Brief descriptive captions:
=== Begin Enclosure ===

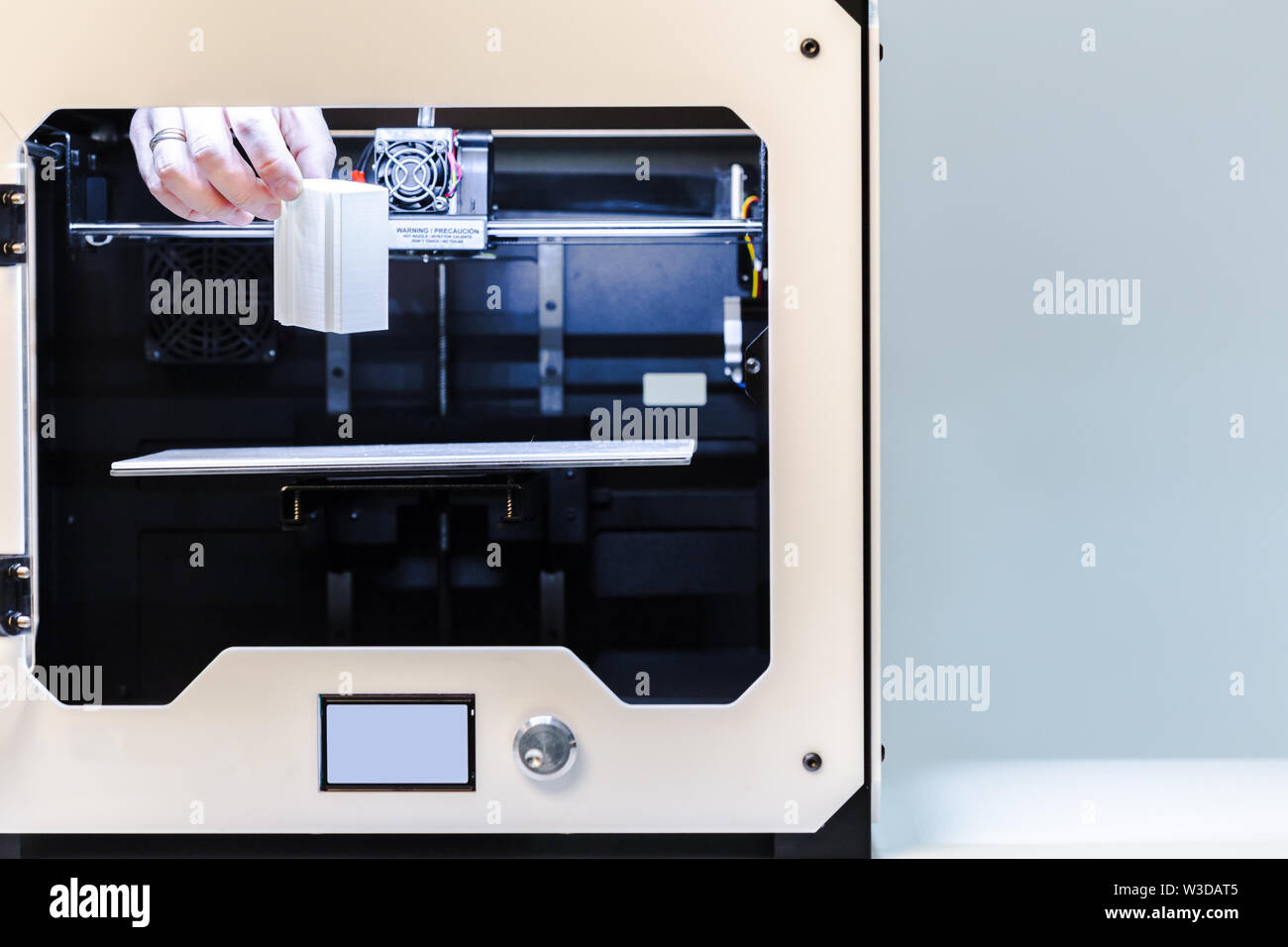 3d printing in progress Stock Photo - Alamy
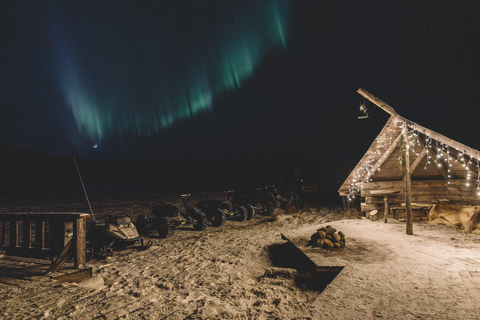 PRIVATE Glass Igloo Dinner Under Northern Lights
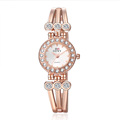 2016 Hot Sale SOXY Brand Fashion Rose Gold Watch Women Luxury Rhinestone Bracelet Quartz Watch Women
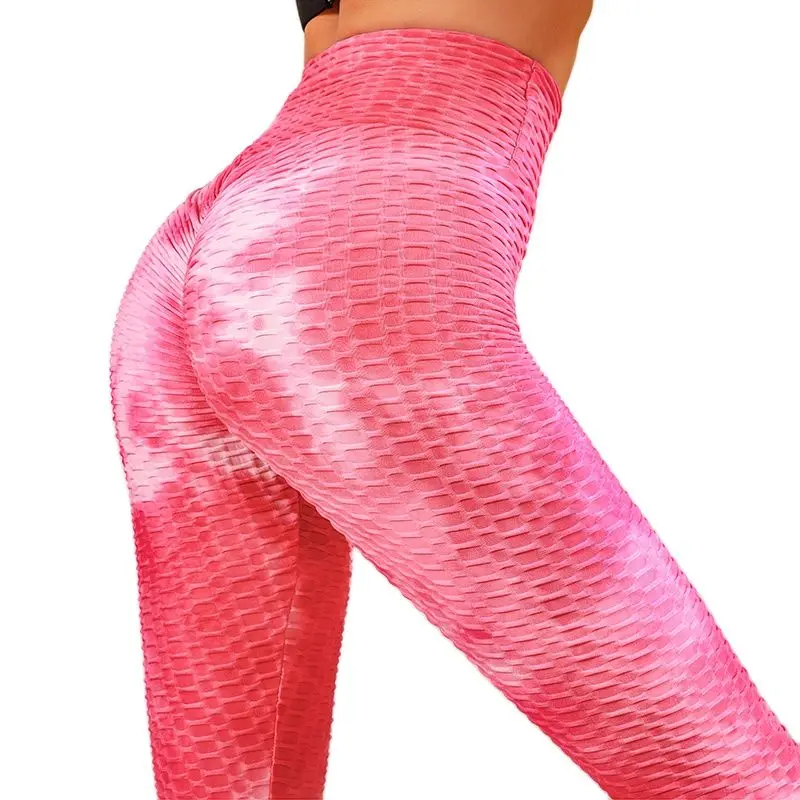 

Europe 2021 women's limited edition fitness training running outdoor sports Yoga hip quick drying tights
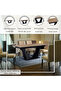 Elegant and Modern Design Rectangular Extension Dining Table - 3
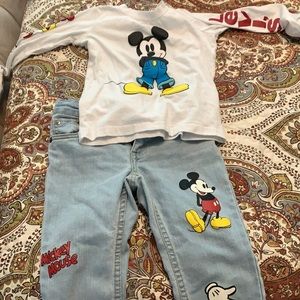 Levi’s Mickey Mouse Collection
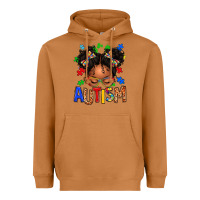 Meerkat autism afro girl Heavyweight Hoodie - texasbilliewilder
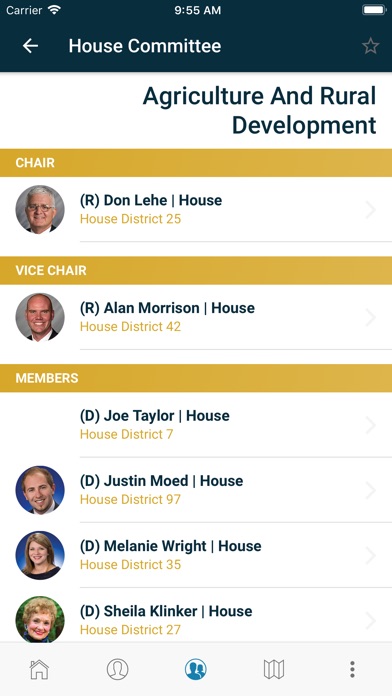 Indiana General Assembly screenshot 4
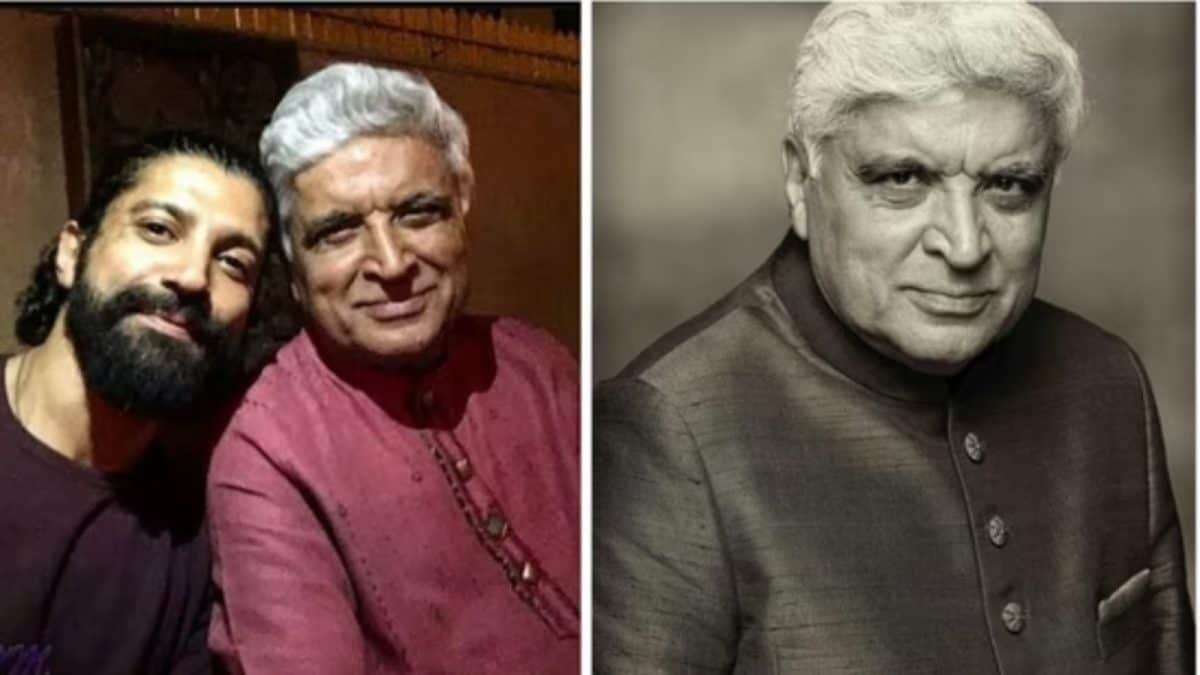 Farhan Akhtar Admits He Still Feels Shy Speaking In Hindi In Front Of Dad Javed Akhtar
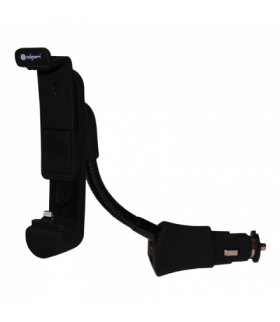 Uchwyt samochodowy z ładowarką do telefonu iPhone 5 TKC-03I5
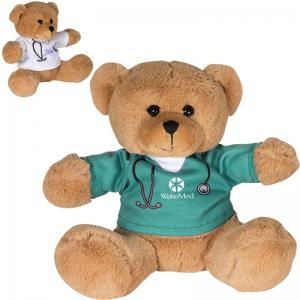 7&quot; Doctor or Nurse Plush Bear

=== End Enclosure ===

→ TASK DETAILS:
Leave out the images and copy all remaining data word for word.

→ RESULT OF THIS TASK:
 3d printing in progress Stock Photo - Alamy
 PRIVATE Glass Igloo Dinner Under Northern Lights
 2016 Hot Sale SOXY Brand Fashion Rose Gold Watch Women Luxury Rhinestone Bracelet Quartz Watch Women

Europe 2021 women's limited edition fitness training running outdoor sports Yoga hip quick drying tights
 Elegant and Modern Design Rectangular Extension Dining Table - 3
 Levi’s Mickey Mouse Collection
 Meerkat autism afro girl Heavyweight Hoodie - texasbilliewilder
 Indiana General Assembly screenshot 4
 Farhan Akhtar Admits He Still Feels Shy Speaking In Hindi In Front Of Dad Javed Akhtar
 Uchwyt samochodowy z ładowarką do telefonu iPhone 5 TKC-03I5
 7&quot; Doctor or Nurse Plush Bear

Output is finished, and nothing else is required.